**AIM OF THE TASK**
Could you write out, exactly as they stand, only the lines in the listing below from the line with "Выпуск от 26 ноября 2025 года 26.11.2025" to the line with "127212807 3521777857859854 6902317151769726043", both ends included, without the pictures?

**SUPPLIED INFORMATION**

►

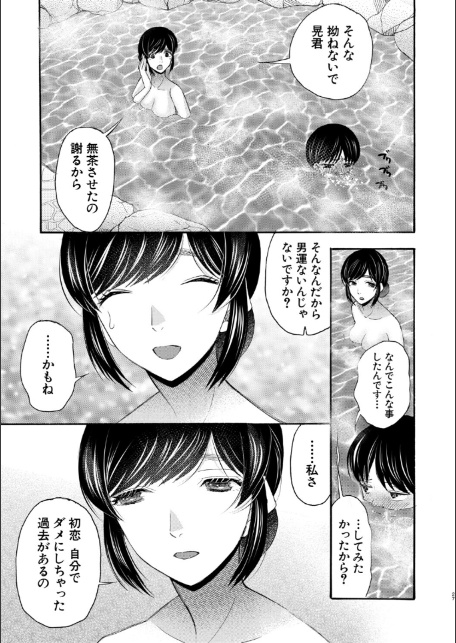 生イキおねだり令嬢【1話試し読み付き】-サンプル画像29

◄
►

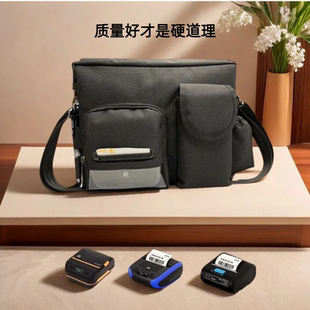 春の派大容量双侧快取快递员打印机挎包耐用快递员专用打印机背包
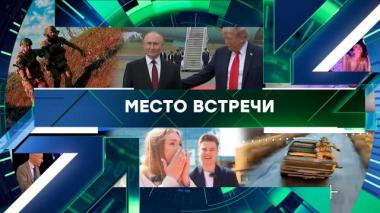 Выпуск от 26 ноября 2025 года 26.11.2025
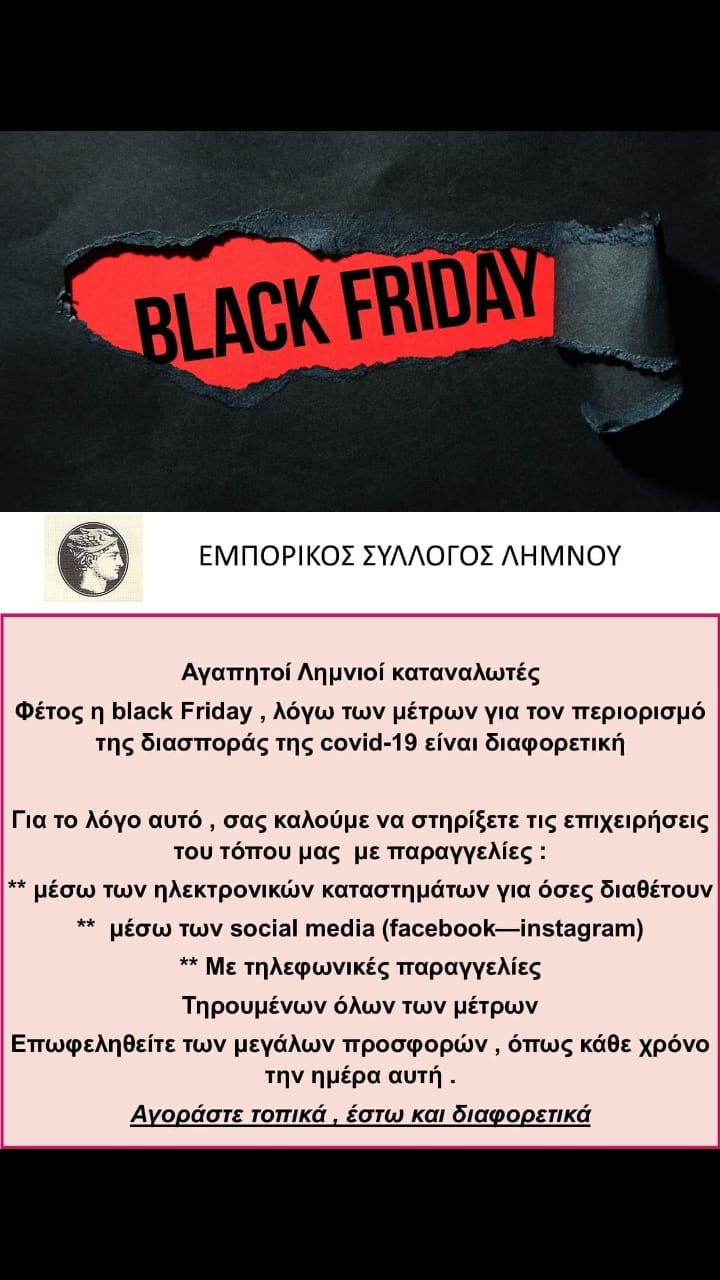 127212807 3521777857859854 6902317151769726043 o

◄
►

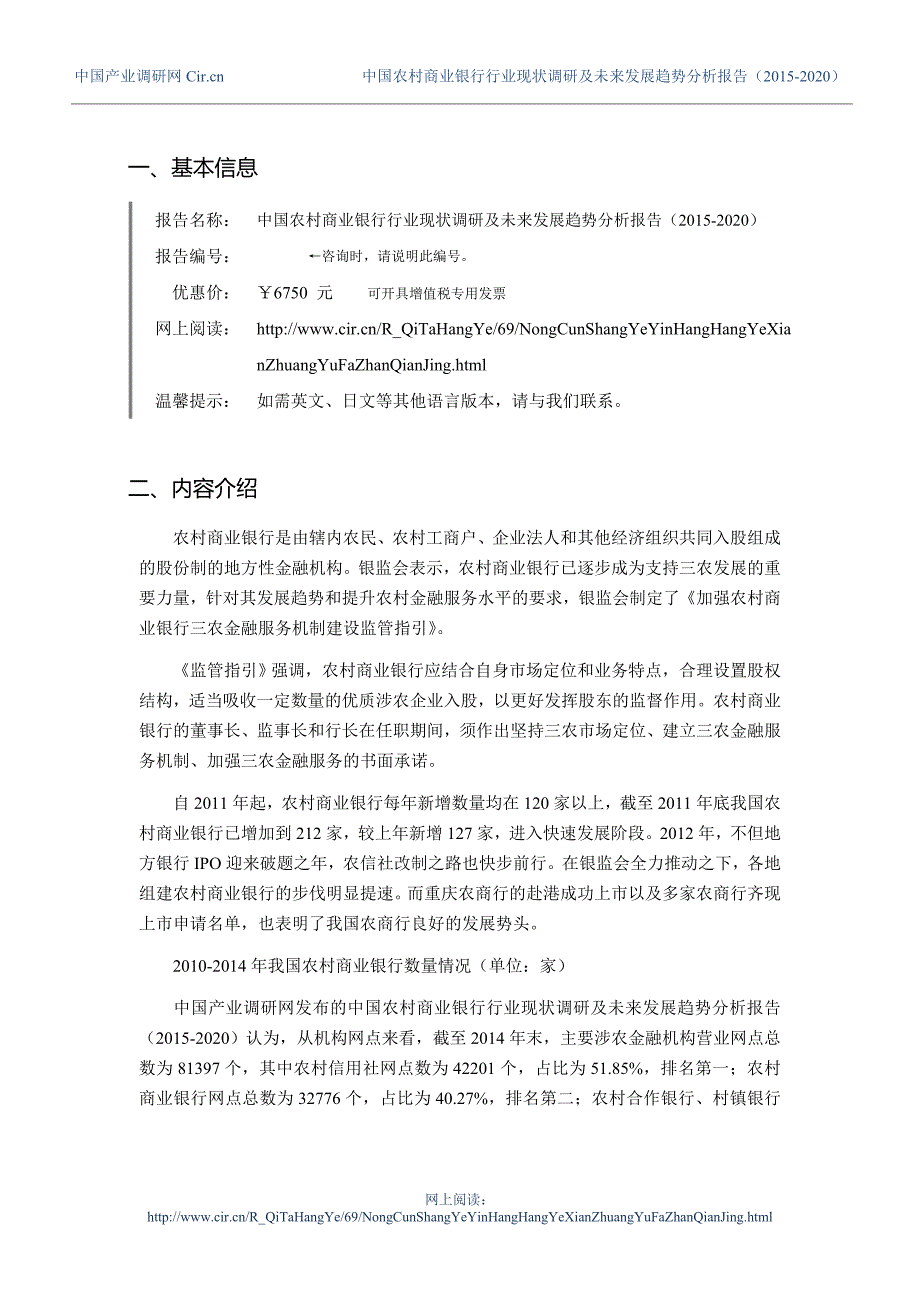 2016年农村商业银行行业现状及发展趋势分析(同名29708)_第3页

◄

**THE COMPLETED TASK**
 Выпуск от 26 ноября 2025 года 26.11.2025
 127212807 3521777857859854 6902317151769726043 o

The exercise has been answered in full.